As pesquisas de opinião pública de meados da década de 1980 registravam o desencanto da população com os políticos, governantes, empresários. A quem atribuir a perda de expectativas? Valeria a pena relembrar a dinâmica que desaguou em pessimismo da população em relação ao futuro. À época da queda do regime militar no Brasil com as primeiras eleições livres se sucedendo, a população brasileira depositava esperanças no novo tempo. Quem sabe uma mudança institucional traria impulsos capazes de fazer crescer a economia, ampliar empregos, com elites políticas priorizando a democracia social como projeto político?

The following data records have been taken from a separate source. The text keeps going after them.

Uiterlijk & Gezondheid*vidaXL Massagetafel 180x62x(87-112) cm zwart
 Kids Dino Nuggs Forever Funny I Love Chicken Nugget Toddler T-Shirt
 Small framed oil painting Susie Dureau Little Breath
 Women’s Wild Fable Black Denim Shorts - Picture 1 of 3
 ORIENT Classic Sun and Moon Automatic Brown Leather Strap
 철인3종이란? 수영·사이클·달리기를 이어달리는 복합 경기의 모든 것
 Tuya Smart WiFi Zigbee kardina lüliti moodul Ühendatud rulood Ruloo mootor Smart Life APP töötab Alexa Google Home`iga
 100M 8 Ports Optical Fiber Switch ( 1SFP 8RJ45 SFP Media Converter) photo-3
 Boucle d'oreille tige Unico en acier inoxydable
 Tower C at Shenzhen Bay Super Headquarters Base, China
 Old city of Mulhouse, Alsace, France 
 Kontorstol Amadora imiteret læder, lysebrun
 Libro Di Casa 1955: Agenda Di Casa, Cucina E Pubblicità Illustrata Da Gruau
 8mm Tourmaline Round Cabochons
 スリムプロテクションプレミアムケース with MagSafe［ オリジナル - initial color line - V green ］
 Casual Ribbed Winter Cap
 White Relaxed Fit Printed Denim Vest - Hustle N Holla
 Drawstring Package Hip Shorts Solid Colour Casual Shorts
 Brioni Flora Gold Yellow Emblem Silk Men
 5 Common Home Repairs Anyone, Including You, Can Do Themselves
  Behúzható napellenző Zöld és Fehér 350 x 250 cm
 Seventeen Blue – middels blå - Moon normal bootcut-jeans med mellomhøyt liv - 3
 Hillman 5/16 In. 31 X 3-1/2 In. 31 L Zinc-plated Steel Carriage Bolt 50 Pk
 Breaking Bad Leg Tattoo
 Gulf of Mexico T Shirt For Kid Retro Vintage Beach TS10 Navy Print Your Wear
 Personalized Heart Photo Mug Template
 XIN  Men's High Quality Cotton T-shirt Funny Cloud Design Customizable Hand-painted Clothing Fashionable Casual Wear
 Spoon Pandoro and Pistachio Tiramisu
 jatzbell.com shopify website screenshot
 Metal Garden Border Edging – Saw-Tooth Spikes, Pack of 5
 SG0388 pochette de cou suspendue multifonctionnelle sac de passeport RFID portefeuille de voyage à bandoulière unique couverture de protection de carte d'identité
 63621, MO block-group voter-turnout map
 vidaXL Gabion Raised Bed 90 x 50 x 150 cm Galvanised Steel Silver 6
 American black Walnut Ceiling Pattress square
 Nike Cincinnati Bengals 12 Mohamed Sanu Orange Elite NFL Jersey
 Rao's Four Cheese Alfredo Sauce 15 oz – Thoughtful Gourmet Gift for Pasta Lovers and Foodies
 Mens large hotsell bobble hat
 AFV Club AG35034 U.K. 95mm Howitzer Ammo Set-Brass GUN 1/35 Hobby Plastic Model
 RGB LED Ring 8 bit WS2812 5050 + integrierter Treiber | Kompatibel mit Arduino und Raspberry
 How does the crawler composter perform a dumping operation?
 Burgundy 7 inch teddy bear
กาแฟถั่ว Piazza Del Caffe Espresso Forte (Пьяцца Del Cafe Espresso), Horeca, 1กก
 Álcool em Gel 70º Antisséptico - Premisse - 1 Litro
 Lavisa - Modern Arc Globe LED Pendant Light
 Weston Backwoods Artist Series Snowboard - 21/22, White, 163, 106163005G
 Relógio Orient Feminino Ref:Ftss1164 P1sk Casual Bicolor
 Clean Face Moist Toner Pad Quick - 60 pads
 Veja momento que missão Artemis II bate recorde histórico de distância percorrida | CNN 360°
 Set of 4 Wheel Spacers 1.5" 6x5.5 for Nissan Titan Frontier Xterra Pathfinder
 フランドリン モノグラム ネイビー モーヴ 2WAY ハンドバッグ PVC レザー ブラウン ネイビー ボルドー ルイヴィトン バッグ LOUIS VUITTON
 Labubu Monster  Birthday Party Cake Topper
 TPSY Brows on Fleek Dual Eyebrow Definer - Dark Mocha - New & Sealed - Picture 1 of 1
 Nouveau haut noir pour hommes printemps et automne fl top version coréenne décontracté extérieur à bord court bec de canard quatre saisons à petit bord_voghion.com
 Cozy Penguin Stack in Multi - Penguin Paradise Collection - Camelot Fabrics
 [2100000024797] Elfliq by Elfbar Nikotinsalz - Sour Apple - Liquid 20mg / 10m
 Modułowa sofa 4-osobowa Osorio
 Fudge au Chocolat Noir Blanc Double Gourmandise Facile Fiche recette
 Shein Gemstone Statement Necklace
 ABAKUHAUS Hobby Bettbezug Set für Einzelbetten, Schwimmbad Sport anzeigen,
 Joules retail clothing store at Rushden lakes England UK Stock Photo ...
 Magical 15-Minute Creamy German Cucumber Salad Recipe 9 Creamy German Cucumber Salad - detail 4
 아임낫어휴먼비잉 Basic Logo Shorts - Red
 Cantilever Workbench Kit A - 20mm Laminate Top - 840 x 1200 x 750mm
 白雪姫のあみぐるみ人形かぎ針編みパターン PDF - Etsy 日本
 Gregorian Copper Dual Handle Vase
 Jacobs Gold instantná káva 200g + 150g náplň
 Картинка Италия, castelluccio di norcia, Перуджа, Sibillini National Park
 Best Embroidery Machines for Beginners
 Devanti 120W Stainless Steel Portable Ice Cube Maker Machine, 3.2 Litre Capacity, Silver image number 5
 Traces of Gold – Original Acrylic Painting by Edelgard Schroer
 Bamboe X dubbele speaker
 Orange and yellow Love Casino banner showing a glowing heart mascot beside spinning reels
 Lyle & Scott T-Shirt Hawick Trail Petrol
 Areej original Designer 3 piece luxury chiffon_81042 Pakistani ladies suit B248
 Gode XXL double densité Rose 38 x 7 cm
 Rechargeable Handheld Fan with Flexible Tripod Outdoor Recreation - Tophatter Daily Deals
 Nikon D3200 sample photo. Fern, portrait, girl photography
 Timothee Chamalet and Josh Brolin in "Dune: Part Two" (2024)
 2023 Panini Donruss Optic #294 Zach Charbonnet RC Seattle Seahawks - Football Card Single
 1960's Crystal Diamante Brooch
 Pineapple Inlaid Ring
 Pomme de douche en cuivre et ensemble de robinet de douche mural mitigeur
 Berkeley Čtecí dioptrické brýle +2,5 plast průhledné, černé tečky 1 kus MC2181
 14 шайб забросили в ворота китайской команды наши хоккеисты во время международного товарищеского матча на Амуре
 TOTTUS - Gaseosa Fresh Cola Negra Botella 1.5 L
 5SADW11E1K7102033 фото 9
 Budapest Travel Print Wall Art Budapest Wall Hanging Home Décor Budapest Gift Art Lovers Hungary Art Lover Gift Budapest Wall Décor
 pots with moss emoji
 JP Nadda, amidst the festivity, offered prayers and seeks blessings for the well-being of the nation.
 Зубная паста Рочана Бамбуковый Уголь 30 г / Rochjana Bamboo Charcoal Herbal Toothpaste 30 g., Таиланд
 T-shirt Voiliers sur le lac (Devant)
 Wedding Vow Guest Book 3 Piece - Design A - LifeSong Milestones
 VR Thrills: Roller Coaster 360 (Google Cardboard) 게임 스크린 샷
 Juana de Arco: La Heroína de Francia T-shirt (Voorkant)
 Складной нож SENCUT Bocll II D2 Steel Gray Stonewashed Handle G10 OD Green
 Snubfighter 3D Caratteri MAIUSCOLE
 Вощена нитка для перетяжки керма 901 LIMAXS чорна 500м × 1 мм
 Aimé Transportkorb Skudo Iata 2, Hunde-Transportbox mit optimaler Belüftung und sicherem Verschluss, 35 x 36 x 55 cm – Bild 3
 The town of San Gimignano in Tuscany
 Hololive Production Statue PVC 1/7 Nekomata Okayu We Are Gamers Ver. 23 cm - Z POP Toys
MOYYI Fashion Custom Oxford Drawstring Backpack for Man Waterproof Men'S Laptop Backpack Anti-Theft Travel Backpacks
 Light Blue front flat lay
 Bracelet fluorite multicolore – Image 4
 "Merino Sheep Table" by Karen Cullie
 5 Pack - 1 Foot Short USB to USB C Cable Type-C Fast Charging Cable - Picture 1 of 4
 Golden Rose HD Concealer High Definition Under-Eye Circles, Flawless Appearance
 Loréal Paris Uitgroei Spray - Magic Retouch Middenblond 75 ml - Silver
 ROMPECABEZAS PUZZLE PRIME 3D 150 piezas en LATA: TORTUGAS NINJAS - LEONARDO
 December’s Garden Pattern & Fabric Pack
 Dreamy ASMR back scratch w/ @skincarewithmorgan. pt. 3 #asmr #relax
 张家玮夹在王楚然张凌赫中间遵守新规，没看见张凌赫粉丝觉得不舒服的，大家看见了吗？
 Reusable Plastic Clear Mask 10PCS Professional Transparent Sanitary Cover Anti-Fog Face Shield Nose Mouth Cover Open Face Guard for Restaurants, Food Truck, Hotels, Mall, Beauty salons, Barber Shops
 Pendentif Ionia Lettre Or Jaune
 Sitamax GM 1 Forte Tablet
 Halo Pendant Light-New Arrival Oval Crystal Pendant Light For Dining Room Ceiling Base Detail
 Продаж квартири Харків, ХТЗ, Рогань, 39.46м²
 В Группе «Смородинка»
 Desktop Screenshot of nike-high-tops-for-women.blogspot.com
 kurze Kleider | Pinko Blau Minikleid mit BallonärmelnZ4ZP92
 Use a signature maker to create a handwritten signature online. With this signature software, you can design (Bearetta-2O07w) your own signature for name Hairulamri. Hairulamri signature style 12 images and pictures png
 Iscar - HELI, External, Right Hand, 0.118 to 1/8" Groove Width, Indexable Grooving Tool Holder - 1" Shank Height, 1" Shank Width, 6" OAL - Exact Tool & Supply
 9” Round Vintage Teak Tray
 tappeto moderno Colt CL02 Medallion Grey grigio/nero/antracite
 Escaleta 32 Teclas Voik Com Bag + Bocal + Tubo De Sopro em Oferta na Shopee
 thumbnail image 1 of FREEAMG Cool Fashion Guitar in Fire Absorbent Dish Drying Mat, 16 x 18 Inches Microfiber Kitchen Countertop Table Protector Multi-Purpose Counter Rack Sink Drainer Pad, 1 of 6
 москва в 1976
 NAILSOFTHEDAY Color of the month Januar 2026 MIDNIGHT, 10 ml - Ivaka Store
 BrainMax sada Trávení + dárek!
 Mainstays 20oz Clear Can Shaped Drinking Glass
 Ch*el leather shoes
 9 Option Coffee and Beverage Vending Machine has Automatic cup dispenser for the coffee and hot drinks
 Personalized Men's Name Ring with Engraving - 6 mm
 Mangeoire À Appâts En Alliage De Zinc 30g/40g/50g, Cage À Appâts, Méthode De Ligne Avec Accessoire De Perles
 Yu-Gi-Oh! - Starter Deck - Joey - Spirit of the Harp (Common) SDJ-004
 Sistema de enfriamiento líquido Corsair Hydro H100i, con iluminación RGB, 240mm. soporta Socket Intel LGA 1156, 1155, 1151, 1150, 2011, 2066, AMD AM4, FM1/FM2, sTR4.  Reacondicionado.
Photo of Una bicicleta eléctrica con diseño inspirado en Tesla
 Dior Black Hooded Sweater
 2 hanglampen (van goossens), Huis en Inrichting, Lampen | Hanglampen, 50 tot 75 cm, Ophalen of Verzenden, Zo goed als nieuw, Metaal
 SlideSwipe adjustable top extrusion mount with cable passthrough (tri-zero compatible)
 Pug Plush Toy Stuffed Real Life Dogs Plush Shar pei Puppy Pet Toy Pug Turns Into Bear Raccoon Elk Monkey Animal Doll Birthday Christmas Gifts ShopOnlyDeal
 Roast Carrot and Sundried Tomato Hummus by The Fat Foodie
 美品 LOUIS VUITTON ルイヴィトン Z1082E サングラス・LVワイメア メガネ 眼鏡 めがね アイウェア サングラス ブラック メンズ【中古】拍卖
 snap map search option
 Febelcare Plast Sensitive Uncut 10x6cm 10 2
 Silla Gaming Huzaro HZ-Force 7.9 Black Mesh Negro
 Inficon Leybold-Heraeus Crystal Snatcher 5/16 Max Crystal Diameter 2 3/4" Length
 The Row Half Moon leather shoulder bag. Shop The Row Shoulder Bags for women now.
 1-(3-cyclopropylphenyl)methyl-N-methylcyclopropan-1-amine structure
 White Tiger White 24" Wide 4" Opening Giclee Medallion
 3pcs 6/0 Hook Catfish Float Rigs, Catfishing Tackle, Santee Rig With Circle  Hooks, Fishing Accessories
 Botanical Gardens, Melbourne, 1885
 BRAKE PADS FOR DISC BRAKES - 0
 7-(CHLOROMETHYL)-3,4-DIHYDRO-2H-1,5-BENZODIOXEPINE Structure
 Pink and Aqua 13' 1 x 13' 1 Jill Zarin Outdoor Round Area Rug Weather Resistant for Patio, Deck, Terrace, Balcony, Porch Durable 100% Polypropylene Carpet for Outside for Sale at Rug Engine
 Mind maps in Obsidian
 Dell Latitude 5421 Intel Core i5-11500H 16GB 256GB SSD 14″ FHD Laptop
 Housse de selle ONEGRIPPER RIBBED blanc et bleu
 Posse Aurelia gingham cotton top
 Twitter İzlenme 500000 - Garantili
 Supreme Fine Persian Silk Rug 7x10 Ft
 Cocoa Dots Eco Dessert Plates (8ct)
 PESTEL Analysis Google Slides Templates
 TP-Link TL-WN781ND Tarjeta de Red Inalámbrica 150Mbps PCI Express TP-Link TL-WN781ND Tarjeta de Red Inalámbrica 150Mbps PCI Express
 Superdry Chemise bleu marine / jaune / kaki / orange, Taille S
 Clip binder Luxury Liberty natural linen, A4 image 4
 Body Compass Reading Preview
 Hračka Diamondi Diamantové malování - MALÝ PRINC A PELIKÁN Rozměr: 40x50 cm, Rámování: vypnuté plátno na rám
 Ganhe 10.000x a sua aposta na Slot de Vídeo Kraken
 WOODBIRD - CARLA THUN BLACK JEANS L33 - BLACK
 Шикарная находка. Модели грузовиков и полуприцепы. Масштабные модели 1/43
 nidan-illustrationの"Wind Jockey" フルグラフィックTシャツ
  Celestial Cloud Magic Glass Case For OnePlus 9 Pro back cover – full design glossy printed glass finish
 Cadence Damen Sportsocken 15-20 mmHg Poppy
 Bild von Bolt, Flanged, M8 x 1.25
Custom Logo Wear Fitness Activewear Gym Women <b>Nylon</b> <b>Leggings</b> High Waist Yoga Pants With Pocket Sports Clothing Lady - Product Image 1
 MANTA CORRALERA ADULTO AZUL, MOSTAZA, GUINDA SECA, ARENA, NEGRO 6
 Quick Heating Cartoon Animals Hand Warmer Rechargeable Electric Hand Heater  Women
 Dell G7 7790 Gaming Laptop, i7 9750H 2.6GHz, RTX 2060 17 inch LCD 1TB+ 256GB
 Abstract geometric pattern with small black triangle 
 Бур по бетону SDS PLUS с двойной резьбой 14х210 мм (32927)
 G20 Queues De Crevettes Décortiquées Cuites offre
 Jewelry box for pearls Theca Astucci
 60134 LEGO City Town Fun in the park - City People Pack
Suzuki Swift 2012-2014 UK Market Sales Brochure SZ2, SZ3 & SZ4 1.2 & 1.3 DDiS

Não se passaria muito tempo para que o desencanto e a desesperança com a política novamente se instalassem, diante da incompetência dos governos e governantes em minimizar as perdas na qualidade de vida, a percepção de índices altos de corrupção, a ausência de projetos políticos no combate à desigualdade. Hoje, 20 anos depois, o desencanto é ainda maior: 63% da população pesquisada em 60 países pelo Instituto Gallup não acreditam na honestidade dos representantes e não acreditam que seus filhos viverão em um mundo melhor.

A “crônica do desencanto com a política” era o que se escrevia. Não é para menos: a dinâmica da globalização nos trouxe dias mais difíceis do que aqueles do capitalismo industrial, aprofundando as diferenças. Sob o capitalismo digital, a marginalização social ainda tornou-se maior, ao excluir as pessoas que não apresentam capacidade de acesso ao mundo digital. Os governos, por seu lado, sofrem pressões externas porque têm de coordenar ações em sintonia com o que ocorre no plano internacional, vulneráveis às crises financeiras de outros países. Internamente, têm de responder às demandas da sociedade, premidos pelas restrições impostas pelas crises fiscais. O combate à corrupção é débil. A impunidade é evidente. Milhões de recursos drenados para fora, sem que os responsáveis sejam julgados e condenados, em um quadro de generalizada impunidade. Essa é corrosiva, talvez um dos maiores fatores responsáveis pelo desencanto político da população.

A ausência do Estado em áreas do território propicia o crescimento do estado não-constitucional com códigos de honra privada à imagem dos rebeldes primitivos que pretendiam fazer justiça com suas próprias mãos. São máfias, redes de crime organizado e bandos justiceiros exercendo coerção nas barbas de polícias e burocracias em um esvaziamento de liberdades individuais pela ausência de autoridade legal e da efetividade da aplicação das leis.

Se não há perspectivas de melhorias no perfil da estrutura social sem a melhoria das condições de vida e se as possibilidades de emprego continuam reduzidas e, finalmente, se o Estado não implementa políticas de caráter redistributivo, coordenando os interesses das elites correntes e os da população, não surpreende a ninguém os altos índices de descrédito com os políticos. A percepção é de que os políticos e governantes são desonestos. No imaginário da população, os políticos se orientam muito mais por interesses particulares do que pelos coletivos. Mesmo assim, as saídas têm sido buscadas pelas vias da participação na sociedade, nos fóruns dos movimentos sociais, na construção de redes de solidariedade horizontal, onde as pessoas sentem-se úteis, engrandecidas, esquecendo as mazelas das ilusões perdidas. Não fosse assim, o desencanto ainda seria maior.